> _Data to examine_:
'''
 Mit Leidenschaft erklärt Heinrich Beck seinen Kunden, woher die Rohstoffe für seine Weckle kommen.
'''
'''
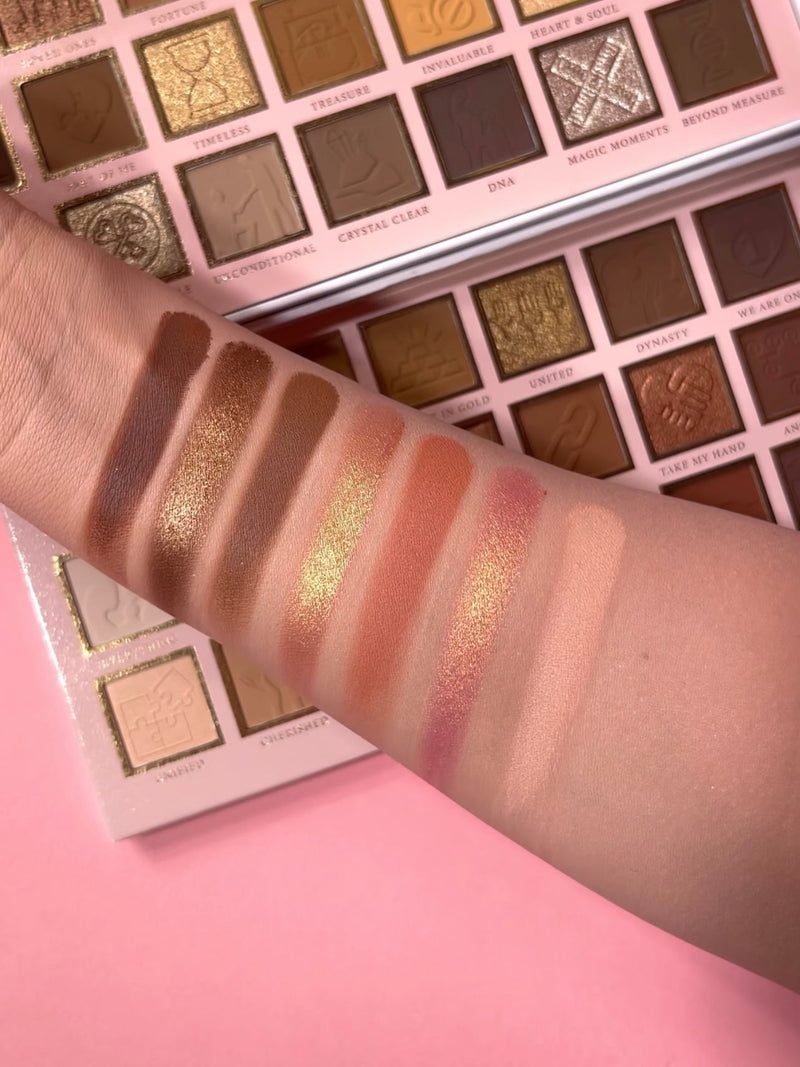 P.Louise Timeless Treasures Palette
'''
'''
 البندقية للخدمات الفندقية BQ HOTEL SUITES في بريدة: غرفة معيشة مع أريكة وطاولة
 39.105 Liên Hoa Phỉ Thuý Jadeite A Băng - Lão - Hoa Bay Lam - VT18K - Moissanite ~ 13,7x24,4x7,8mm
'''
> _Instructions for the task_: Write out only the lines that run from the line containing "البندقية للخدمات الفندقية" through the line containing "39.105 Liên Hoa", both included, exactly as they appear above.

> _Written response_:
 البندقية للخدمات الفندقية BQ HOTEL SUITES في بريدة: غرفة معيشة مع أريكة وطاولة
 39.105 Liên Hoa Phỉ Thuý Jadeite A Băng - Lão - Hoa Bay Lam - VT18K - Moissanite ~ 13,7x24,4x7,8mm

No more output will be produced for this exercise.